> _To do_
Everything in the listing below needs to be retyped exactly.
** Data records follows **
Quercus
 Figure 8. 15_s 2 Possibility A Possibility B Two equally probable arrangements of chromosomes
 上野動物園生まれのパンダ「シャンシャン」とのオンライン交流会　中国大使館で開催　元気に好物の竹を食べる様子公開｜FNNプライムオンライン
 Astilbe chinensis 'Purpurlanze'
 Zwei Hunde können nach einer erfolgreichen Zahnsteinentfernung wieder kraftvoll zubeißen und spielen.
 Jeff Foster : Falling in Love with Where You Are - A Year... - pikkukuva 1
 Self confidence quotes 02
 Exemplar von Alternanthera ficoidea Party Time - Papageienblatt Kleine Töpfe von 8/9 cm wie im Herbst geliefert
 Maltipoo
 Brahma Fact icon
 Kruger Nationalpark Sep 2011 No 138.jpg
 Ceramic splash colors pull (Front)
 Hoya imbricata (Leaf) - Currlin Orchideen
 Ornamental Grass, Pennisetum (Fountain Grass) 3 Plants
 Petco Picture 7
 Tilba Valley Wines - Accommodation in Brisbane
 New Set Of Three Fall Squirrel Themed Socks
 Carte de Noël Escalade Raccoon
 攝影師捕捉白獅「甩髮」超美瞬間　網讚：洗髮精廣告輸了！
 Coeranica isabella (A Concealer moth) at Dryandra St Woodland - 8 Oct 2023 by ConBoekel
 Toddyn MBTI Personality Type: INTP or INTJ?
** End of Data records **
> _Answer to this exercise_
Quercus
 Figure 8. 15_s 2 Possibility A Possibility B Two equally probable arrangements of chromosomes
 上野動物園生まれのパンダ「シャンシャン」とのオンライン交流会　中国大使館で開催　元気に好物の竹を食べる様子公開｜FNNプライムオンライン
 Astilbe chinensis 'Purpurlanze'
 Zwei Hunde können nach einer erfolgreichen Zahnsteinentfernung wieder kraftvoll zubeißen und spielen.
 Jeff Foster : Falling in Love with Where You Are - A Year... - pikkukuva 1
 Self confidence quotes 02
 Exemplar von Alternanthera ficoidea Party Time - Papageienblatt Kleine Töpfe von 8/9 cm wie im Herbst geliefert
 Maltipoo
 Brahma Fact icon
 Kruger Nationalpark Sep 2011 No 138.jpg
 Ceramic splash colors pull (Front)
 Hoya imbricata (Leaf) - Currlin Orchideen
 Ornamental Grass, Pennisetum (Fountain Grass) 3 Plants
 Petco Picture 7
 Tilba Valley Wines - Accommodation in Brisbane
 New Set Of Three Fall Squirrel Themed Socks
 Carte de Noël Escalade Raccoon
 攝影師捕捉白獅「甩髮」超美瞬間　網讚：洗髮精廣告輸了！
 Coeranica isabella (A Concealer moth) at Dryandra St Woodland - 8 Oct 2023 by ConBoekel
 Toddyn MBTI Personality Type: INTP or INTJ?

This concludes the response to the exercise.